This is indeed the clasical Galton-Watson tree (http://en.wikipedia.org/wiki/Galton%E2%80%93Watson_process). A very good reference (and quite elementary!) is: "Athreya, Ney" - Branching processes. Each coin is an invidual which either survies to the next round with probability $p$ or dies with probability $1-p$.
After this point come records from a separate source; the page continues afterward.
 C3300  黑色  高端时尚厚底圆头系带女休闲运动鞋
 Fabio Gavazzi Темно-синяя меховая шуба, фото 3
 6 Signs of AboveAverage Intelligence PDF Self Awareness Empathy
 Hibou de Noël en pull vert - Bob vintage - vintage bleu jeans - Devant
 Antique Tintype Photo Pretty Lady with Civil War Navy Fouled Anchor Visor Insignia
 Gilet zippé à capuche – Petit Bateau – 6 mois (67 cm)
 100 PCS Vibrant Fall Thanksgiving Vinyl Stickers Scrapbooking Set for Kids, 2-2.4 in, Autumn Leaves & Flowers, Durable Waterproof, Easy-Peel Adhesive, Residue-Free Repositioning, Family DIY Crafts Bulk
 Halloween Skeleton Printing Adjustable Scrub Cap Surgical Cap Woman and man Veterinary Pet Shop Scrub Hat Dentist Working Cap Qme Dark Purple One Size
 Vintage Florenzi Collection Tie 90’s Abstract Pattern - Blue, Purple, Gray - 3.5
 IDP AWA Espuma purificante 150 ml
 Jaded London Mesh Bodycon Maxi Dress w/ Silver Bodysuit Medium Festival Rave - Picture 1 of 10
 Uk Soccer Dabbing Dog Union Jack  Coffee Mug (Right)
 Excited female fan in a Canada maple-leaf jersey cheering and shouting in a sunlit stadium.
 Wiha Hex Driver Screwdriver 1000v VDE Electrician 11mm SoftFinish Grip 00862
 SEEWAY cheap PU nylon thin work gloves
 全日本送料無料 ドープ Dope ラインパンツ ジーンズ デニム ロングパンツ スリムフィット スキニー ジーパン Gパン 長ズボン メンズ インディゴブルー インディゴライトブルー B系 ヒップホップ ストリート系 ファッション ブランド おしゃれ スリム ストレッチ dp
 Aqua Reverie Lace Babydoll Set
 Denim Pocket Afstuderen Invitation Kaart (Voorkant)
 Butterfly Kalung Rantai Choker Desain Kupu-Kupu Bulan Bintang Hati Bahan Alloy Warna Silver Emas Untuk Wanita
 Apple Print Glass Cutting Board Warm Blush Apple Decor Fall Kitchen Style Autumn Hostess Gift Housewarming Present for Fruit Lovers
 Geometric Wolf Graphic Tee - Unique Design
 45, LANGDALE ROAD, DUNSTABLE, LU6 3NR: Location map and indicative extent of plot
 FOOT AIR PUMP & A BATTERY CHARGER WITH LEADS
  1. (Approximate answer). You start with $n$ inviduals of which each has chance $p^k$ that it survives $k$ rounds. If $n$ is large, $p^k$ is small we can use the law of rare events. It says that approximately the number of the inviduals surviving $k$ rounds is the Poisson r.v. with parameter $\lambda := n p^k$. The error of this approximation is upperbounded by $\lambda^2/n$.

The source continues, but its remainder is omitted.